Traditionnellement, l’historiographie tend à n’étudier les fronts que de façon distincte alors que, depuis les préparatifs de l’opération Barbarossa, le Troisième Reich gère un mouvement de bascule permanent entre les différents théâtres d’opérations sur lesquels ses troupes sont engagées. La conduite de la guerre vue du côté allemand ne peut donc se permettre de séparer hermétiquement les différents théâtres d’opérations en Europe.
C’est ce que montre ainsi Benoît RONDEAU à travers une étude en trois articles dont les deux premiers paraissent dans les numéros 95 et 96 du magazine Batailles. A découvrir absolument !
Une prise de hauteur salutaire
Forcée d’adopter une posture défensive sur l’ensemble des fronts où elle se trouve engagée, l’armée allemande n’abandonne cependant pas l’espoir de rétablir une situation stratégique pourtant déjà bien compromise. Comme toujours depuis le début de la Seconde Guerre mondiale, la solution repose sur l’emploi concentré de la Panzerwaffe qui concentre l’essentiel de la puissance de feu offensive.

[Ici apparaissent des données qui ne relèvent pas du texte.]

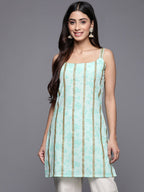 Ahalyaa Striped Floral Printed Shoulder Straps Crepe Tunic | Grocsy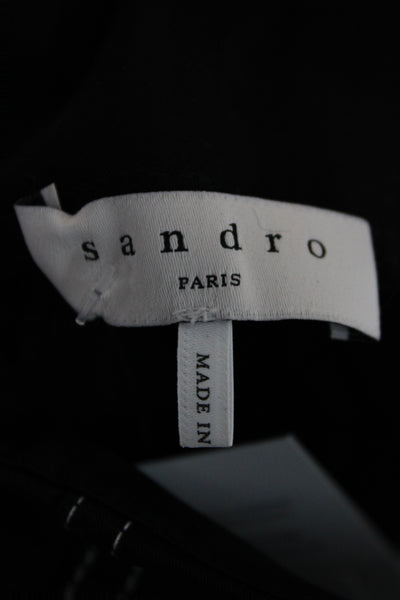Sandro Womens Cropped Black Cotton Pants Size 34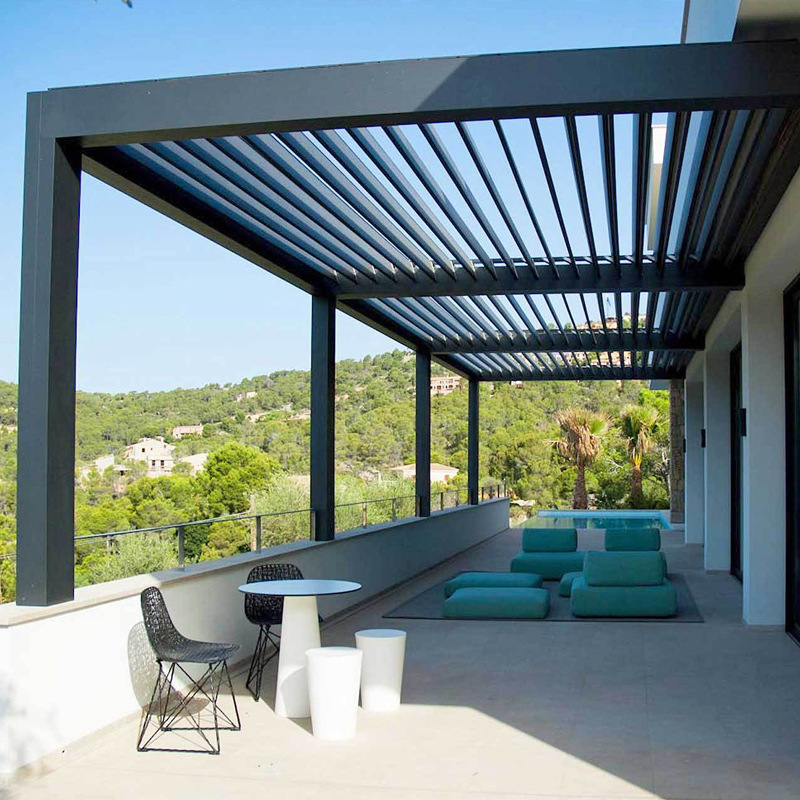 Custom 3x3 3x4 4x6 Waterproof Outdoor Aluminium Electric Pergola Motorized Louver Bioclimatic Pergola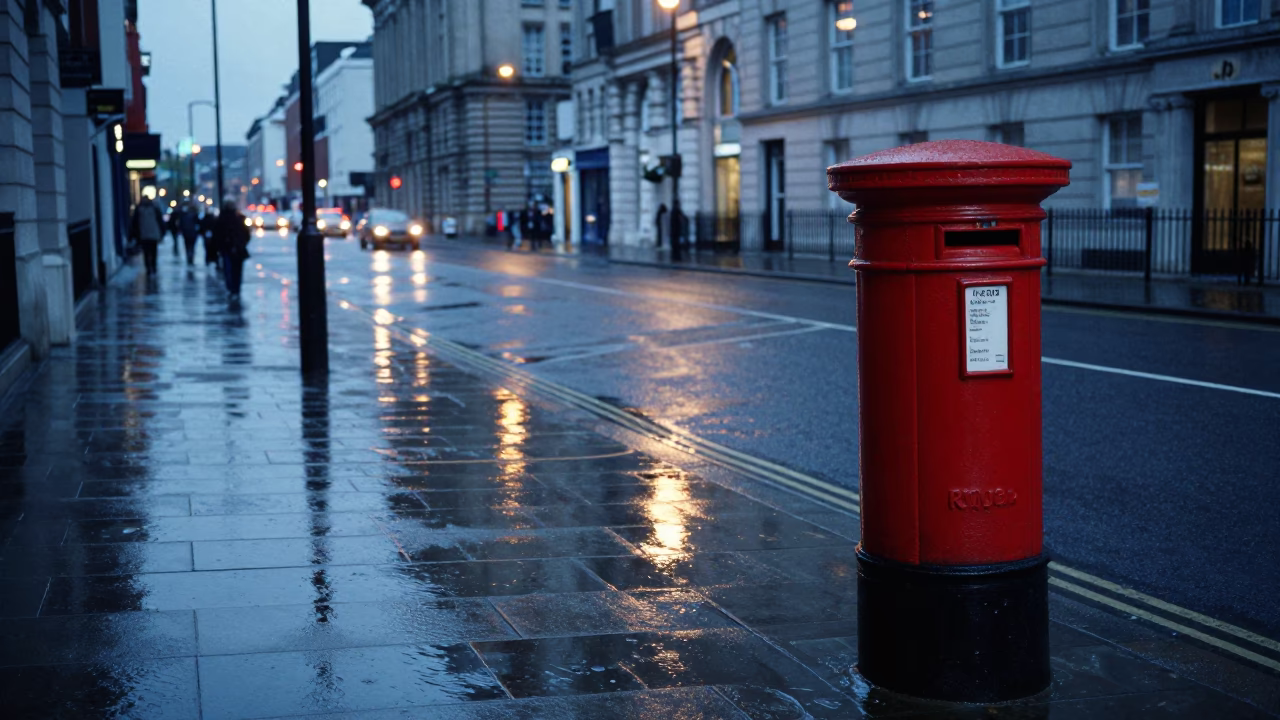 Liverpool Blue Hour Street Scene with Wet Pavement and Urban Reflections in in Liverpool, United Kingdom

A cet effet, Adolf HITLER et l’OKW imaginent la constitution de deux armées puissantes capables d’intervenir après que les adversaires aient dévoilé leurs intentions à défaut de pouvoir bénéficier de renseignements précis et fiables leur permettant d’anticiper les prochains coups des Soviétiques et des Alliés occidentaux. Mais entre vouloir et pouvoir, il existe une différence… Il n’empêche que cette stratégie et les moyens consacrés, même si loin de correspondre aux schémas initialement envisagés, ont un impact direct sur les combats qui vont se dérouler à l’Ouest et en URSS à partir de juin 1944. Ils expliquent également les divergences d’appréciation entre Erwin ROMMEL et les autres responsables allemands en charge des opérations à l’Ouest.
Toute la réflexion stratégique de Gerd von Rundstedt repose sur le postulat qu’il est illusoire d’imaginer empêcher l’ennemi d’établir une tête de pont. Les Alliés seront certes combattus en mer, sur les plages, dans la tête de pont par les forces en ligne, mais c’est la contre-attaque massive des réserves de panzers et d’infanterie qui les rejettera à la mer. […] Contrairement à l’OKW, Rommel ne raisonne pas en nombre de divisions, mais prend avant tout en compte leur mobilité et la valeur de leurs armes.
Benoît RONDEAU, Rommel, le renard du désert [Perrin, 2018]
De l’impossibilité de mettre en œuvre sa stratégie…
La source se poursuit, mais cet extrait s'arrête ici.